Who Bears the Burden of Immigration?

Migrants are on the move across the world, especially from the Middle East to Europe and North America, from Africa to Europe and the United States, and from Mexico and other Latin countries to the South to the United States. Immigration celebrationists pretend that mass immigration is an unmixed blessing, but what is happening in Europe, as one country after another shuts its borders to a vast influx of Middle Easterners, suggests that the lessons of experience do not teach that more immigration is always better.

So who is actually bearing the burden of immigration in today’s world? The Senate Subcommittee on Immigration and the National Interest answers the question, at least for the Western Hemisphere. This chart shows the number of migrants currently living in the United States, compared with 21 Latin American countries:


The United States is currently home to an astonishing 46 million migrants. The U.S. has only 4.5% of global population, but hosts about 20% of the world’s migrants. All Latin American countries combined have taken in only 7.8 million migrants, one-sixth of America’s total, even though they have double our population.

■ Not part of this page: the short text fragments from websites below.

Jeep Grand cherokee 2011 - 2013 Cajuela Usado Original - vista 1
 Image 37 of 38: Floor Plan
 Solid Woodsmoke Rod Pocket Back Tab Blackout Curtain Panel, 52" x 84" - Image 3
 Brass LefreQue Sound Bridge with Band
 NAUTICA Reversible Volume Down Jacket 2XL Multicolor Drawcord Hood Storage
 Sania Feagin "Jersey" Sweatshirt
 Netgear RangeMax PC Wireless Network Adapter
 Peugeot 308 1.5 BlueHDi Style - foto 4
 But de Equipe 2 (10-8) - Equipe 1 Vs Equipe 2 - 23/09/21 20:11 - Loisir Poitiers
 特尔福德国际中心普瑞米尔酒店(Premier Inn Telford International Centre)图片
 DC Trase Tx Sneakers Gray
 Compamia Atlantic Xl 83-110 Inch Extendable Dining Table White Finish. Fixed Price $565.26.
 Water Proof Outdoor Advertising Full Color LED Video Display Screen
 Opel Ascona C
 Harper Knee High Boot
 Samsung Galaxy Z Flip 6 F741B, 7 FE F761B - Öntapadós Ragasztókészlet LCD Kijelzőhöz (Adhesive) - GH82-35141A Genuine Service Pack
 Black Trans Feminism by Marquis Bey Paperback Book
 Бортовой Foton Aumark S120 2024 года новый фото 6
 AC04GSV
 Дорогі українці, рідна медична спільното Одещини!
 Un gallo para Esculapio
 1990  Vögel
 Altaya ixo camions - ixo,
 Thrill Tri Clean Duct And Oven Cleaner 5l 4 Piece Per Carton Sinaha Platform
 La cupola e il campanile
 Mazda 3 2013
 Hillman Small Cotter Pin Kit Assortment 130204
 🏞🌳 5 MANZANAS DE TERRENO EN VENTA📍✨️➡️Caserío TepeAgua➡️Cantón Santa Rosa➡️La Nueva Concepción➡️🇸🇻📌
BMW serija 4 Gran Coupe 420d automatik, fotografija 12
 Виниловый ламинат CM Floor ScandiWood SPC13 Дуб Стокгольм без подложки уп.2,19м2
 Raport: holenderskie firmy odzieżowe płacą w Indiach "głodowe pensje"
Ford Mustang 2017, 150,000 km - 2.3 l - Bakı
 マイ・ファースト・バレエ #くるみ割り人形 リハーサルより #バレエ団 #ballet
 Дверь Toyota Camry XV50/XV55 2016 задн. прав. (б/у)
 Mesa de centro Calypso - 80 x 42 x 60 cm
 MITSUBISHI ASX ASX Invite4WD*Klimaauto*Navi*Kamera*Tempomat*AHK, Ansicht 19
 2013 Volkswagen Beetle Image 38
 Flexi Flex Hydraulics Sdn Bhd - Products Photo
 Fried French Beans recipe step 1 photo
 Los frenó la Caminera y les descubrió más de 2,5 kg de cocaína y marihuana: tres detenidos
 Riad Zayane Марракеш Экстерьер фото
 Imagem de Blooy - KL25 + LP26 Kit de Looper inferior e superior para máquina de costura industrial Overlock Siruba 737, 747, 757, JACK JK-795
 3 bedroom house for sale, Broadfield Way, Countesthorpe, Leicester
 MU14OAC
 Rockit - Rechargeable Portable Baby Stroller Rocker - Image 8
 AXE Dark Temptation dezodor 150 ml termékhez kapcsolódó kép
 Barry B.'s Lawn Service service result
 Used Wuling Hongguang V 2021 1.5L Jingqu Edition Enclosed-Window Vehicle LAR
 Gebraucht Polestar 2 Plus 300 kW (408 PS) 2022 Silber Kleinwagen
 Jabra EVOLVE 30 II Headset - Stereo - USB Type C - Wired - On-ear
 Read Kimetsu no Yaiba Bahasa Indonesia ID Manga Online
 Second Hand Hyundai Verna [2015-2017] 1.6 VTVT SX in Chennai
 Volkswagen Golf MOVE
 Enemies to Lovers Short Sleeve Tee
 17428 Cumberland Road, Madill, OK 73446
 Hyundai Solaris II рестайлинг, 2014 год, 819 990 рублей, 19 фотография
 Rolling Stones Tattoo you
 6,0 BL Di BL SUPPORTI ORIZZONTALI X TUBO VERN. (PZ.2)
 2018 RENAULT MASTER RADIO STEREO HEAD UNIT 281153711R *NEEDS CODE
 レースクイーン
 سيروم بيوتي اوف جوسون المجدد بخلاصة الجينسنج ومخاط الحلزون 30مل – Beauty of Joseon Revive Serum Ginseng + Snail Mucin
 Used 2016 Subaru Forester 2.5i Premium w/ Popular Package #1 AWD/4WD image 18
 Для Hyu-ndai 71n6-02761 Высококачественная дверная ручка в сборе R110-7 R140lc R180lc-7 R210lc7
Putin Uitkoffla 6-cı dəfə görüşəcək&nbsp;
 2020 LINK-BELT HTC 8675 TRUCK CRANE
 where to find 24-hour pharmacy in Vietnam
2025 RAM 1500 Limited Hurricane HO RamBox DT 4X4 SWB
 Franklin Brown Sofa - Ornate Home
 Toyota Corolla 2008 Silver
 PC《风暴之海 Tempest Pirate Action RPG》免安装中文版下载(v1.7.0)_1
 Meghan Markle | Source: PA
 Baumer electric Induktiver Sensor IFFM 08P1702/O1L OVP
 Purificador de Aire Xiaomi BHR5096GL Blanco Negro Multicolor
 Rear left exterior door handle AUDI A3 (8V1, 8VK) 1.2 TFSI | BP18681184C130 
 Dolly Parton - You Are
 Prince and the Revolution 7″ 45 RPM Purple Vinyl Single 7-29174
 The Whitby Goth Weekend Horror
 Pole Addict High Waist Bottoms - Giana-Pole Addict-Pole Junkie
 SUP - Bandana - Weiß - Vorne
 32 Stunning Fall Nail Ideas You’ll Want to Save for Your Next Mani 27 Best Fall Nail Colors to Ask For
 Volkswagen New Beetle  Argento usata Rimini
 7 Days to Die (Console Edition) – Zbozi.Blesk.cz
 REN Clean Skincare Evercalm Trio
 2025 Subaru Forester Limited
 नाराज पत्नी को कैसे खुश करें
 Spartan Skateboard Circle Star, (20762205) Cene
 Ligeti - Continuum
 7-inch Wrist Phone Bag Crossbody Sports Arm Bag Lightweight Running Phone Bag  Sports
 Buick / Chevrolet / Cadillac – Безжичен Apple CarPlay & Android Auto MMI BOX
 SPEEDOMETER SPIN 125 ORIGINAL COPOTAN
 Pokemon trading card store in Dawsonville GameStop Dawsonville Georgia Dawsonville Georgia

Someone might say, Sure, but the U.S. is a nation of immigrants. Perhaps, but so are Brazil, Argentina, Chile and the Caribbean countries. Indigenous populations account for only a small percentage of Latin America’s population–less than 0.2% of Brazil’s, for example. So why aren’t the immigrant nations of Latin America taking their “fair share” of the world’s migrants?

The reality is that Americans have been chumps. Could we enact Mexico’s immigration laws, which have admitted barely more than a million migrants out of a Mexican population of 122 million? Not a chance–to do so would be “racist,” even though Mexico has adopted draconian immigration laws to keep out Hondurans and Guatemalans who are demographically indistinguishable from Mexicans. (Likewise, liberals howl that it would be “racist” to adopt Mexico’s voter ID laws. Or Canada’s.)

Very few Americans understand how our immigration laws were rewritten in the 1960s, under the direction of Ted Kennedy, so that they would no longer favor the interests of American citizens, but rather would result in admitting enormous numbers of migrants based on criteria that are largely irrational. American voters may not get the details, but they know that America’s current immigration policies are drastically changing our culture, giving rise to a great deal of violent crime, and causing environmental degradation as well as pressures on our welfare, police, health care and education systems, and, perhaps most important, driving down the wages of low-skilled American workers.

I am talking here 80% about legal immigration, and 20% about illegal immigration. The American people have figured this out. Why can’t the political class?